(GOAL OF THE EXERCISE) From the listing below, reproduce word for word the part that opens with the line containing "WonderBun, a Adoptable" and closes with the line containing "Corn Close Up."; reproduce nothing else.

>>>

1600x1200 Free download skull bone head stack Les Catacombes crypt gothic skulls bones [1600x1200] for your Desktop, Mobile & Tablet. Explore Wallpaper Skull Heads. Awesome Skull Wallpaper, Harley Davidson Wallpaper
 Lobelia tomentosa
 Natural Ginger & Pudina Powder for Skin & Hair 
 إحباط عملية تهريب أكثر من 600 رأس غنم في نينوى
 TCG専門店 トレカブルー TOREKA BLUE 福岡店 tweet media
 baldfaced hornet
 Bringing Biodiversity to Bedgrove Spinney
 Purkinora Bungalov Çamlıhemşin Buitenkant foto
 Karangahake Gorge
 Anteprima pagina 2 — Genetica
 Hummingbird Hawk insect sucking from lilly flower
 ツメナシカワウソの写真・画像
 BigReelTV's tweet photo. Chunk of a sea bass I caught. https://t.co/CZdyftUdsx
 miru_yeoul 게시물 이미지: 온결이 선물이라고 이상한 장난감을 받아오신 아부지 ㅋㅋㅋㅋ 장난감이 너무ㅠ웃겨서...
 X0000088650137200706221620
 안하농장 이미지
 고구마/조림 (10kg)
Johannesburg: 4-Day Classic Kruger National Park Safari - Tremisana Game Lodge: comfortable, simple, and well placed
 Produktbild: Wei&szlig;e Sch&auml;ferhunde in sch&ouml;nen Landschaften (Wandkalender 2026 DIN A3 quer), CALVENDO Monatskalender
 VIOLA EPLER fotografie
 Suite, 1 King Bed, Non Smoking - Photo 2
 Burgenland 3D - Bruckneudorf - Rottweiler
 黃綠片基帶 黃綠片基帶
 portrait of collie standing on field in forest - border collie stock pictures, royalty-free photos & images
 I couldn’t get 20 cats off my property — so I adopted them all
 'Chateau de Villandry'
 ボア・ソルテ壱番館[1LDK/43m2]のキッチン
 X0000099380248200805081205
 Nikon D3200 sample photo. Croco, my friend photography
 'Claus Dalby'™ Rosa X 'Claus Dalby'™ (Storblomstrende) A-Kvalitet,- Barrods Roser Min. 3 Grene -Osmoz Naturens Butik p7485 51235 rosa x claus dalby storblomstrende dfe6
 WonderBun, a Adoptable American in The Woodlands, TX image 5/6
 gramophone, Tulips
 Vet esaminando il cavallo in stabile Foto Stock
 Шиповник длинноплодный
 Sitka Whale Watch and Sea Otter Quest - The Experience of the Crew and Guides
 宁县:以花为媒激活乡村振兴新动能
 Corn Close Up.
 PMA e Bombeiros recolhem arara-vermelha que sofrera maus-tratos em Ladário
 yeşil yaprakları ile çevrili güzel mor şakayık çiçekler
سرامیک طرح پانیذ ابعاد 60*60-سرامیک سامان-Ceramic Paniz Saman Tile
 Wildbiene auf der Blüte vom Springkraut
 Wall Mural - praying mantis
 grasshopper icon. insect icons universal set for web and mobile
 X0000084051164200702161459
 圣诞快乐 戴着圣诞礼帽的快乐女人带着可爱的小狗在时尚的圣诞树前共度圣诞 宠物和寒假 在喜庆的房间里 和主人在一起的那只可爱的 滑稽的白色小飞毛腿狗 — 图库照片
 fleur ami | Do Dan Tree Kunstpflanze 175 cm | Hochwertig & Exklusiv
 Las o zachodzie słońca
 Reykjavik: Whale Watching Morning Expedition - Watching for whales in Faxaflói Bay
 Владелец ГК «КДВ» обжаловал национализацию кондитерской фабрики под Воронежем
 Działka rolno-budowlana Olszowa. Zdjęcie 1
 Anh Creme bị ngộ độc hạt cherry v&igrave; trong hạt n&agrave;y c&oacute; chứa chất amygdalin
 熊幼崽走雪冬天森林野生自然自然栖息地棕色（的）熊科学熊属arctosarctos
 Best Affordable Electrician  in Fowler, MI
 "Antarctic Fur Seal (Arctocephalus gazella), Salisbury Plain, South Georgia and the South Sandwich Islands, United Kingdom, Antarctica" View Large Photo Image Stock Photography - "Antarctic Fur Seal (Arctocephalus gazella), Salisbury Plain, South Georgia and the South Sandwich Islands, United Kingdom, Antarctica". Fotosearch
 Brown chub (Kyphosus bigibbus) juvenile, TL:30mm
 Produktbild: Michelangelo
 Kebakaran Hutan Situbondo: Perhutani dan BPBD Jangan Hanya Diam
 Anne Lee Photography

<<<

(EXERCISE RESPONSE)
 WonderBun, a Adoptable American in The Woodlands, TX image 5/6
 gramophone, Tulips
 Vet esaminando il cavallo in stabile Foto Stock
 Шиповник длинноплодный
 Sitka Whale Watch and Sea Otter Quest - The Experience of the Crew and Guides
 宁县:以花为媒激活乡村振兴新动能
 Corn Close Up.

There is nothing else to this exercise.